Re: [tip: ras/core] x86/mce: Enable additional error logging on certain Intel CPUs

2020-11-09 Thread Jim Mattson
On Mon, Nov 9, 2020 at 2:57 PM Luck, Tony  wrote:
>
> > I thought Linux had long ago gone the route of turning rdmsr/wrmsr
> > into rdmsr_safe/wrmsr_safe, so that the guest would ignore the #GPs on
> > writes and return zero to the caller for #GPs on reads.
>
> Linux just switched that around for the machine check banks ... if they #GP
> fault, then something is seriously wrong.
>
> Maybe that isn't a general change of direction though. Perhaps I
> should either use rdmsrl_safe() in this code.
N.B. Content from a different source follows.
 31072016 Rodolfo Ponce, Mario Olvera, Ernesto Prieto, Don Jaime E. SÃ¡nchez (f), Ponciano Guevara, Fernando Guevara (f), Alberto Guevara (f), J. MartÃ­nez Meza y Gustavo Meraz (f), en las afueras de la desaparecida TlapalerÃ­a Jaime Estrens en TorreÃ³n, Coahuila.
Or (better?) add
>
> if (boot_cpu_has(X86_FEATURE_HYPERVISOR))
> return;
>
> to the start of intel_imc_init().

I wouldn't expect all hypervisors to necessarily set CPUID.01H:ECX[bit
31]. Architecturally, on Intel CPUs, that bit is simply defined as
"not used." There is no documented contract between Intel and
hypervisor vendors regarding the use of that bit. (AMD, on the other
hand, *does* document that bit as "reserved for use by hypervisor to
indicate guest status.")


RE: [tip: ras/core] x86/mce: Enable additional error logging on certain Intel CPUs

2020-11-09 Thread Luck, Tony
> I thought Linux had long ago gone the route of turning rdmsr/wrmsr
> into rdmsr_safe/wrmsr_safe, so that the guest would ignore the #GPs on
> writes and return zero to the caller for #GPs on reads.

Linux just switched that around for the machine check banks ... if they #GP
fault, then something is seriously wrong.

Maybe that isn't a general change of direction though. Perhaps I
should either use rdmsrl_safe() in this code. Or (better?) add

if (boot_cpu_has(X86_FEATURE_HYPERVISOR))
return;

to the start of intel_imc_init().

-Tony


Re: [tip: ras/core] x86/mce: Enable additional error logging on certain Intel CPUs

2020-11-09 Thread Jim Mattson
On Mon, Nov 9, 2020 at 2:09 PM Luck, Tony  wrote:
>
> What does KVM do with model specific MSRs?

"Model specific model-specific registers?" :-)

KVM only implements a small subset of MSRs. By default, any access to
the rest raises #GP.

> Looks like you let the guest believe it was running on one of Sandy Bridge, 
> Ivy Bridge, Haswell (Xeon).
>
> So, the core MCE code tried to enable extended error reporting.
>
> If there is a mode to have KVM let the guest think that it read/wrote MSR 
> 0x17F,
> but actually, doesn't do it ... that would seem to be a reasonable thing to 
> do here.

There is an 'ignore_msrs' module parameter, to sink writes and return
zero on reads for unknown MSRs, but I don't think it's commonly used.

I thought Linux had long ago gone the route of turning rdmsr/wrmsr
into rdmsr_safe/wrmsr_safe, so that the guest would ignore the #GPs on
writes and return zero to the caller for #GPs on reads.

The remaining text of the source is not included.